ORLANDO, Fla. — NASA has hired a climate scientist as its new chief scientist, a move that reflects the greater emphasis the agency is placing on climate change studies.
NASA announced Jan. 10 that it selected Katherine Calvin as both its new chief scientist and its senior climate adviser. Calvin had been an earth scientist at the Pacific Northwest National Laboratory’s Joint Global Change Research Institute, developing models for exploring interactions between human and Earth systems.
“Kate is exceptionally talented,” NASA Administrator Bill Nelson said in a call with reporters Jan. 11. “Her experience in the past makes her especially qualified for this position.”
“My research has spanned the range of climate science, climate impacts and mitigation,” Calvin said on the call. “My research has also involved a lot of multidisciplinary work, and I have a lot of experience working with people from different fields.”
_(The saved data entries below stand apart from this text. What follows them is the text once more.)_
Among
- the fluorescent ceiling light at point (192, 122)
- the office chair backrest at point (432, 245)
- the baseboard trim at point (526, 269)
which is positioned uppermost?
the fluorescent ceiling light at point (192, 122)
NASA has had a chief scientist on an off-and-on basis for decades, responsible for being the administrator’s senior adviser on science programs and policy. Jim Green, a space scientist who had been the longtime director of planetary science at the agency before becoming chief scientist in 2018, retired Jan. 1.
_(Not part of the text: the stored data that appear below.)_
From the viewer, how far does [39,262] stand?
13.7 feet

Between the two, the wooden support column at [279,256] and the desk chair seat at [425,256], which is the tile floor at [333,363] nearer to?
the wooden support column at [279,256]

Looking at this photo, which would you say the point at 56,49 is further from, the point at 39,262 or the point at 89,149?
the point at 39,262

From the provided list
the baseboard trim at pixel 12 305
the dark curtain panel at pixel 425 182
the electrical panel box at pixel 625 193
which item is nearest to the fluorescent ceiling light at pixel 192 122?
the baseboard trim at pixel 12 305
The agency created the position of senior climate adviser less than a year ago to align itself with the Biden administration’s emphasis on climate change. Gavin Schmidt, a NASA climate scientist, served as acting climate adviser when the post was created. He will now return to his job as director of the agency’s Goddard Institute for Space Studies in New York.
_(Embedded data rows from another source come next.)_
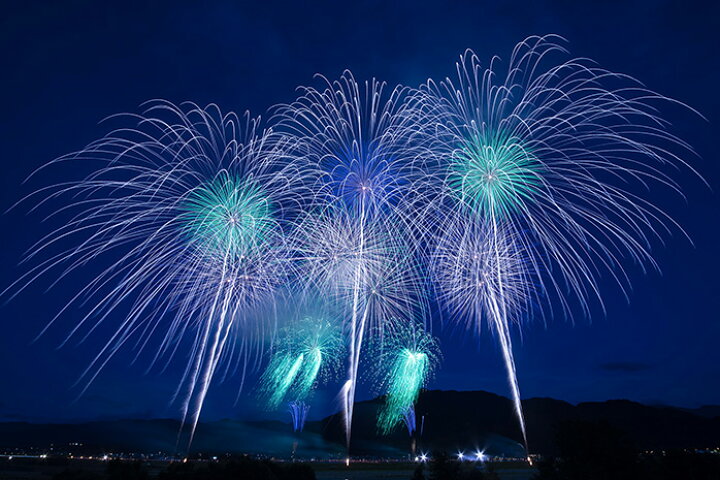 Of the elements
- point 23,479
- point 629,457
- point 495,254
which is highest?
point 495,254

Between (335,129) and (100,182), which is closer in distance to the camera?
(100,182)

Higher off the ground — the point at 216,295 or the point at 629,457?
the point at 216,295

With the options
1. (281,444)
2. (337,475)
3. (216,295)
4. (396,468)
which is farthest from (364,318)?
(281,444)

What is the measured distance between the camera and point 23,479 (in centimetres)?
4081

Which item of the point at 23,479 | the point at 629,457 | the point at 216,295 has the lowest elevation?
the point at 23,479

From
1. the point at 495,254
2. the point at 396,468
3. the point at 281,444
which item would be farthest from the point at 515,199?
the point at 281,444

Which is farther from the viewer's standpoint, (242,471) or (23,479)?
(23,479)

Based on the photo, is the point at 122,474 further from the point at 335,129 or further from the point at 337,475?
the point at 337,475

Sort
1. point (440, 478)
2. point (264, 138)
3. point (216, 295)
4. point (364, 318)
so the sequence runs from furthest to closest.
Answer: point (364, 318)
point (216, 295)
point (264, 138)
point (440, 478)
Combining the two positions, Nelson argued, was a means of emphasizing the importance of the climate adviser role. “We’ve chosen to elevate this senior climate adviser position,” he said.
NASA had struggled in the early months of the Biden administration to demonstrate its role in climate. When the White House established the National Climate Task Force in an executive order in the early days of the new administration to develop a whole-of-government approach to climate change, NASA was not among the more than 20 Cabinet departments and other agencies initially included. The White House added NASA two months later.
“When you think of NASA, folks don’t understand how involved in science we are, specifically climate change,” Nelson said, citing its role developing and operating satellites and instruments that collect weather and climate data. “NASA, really, is the point of the spear when it comes to climate change.”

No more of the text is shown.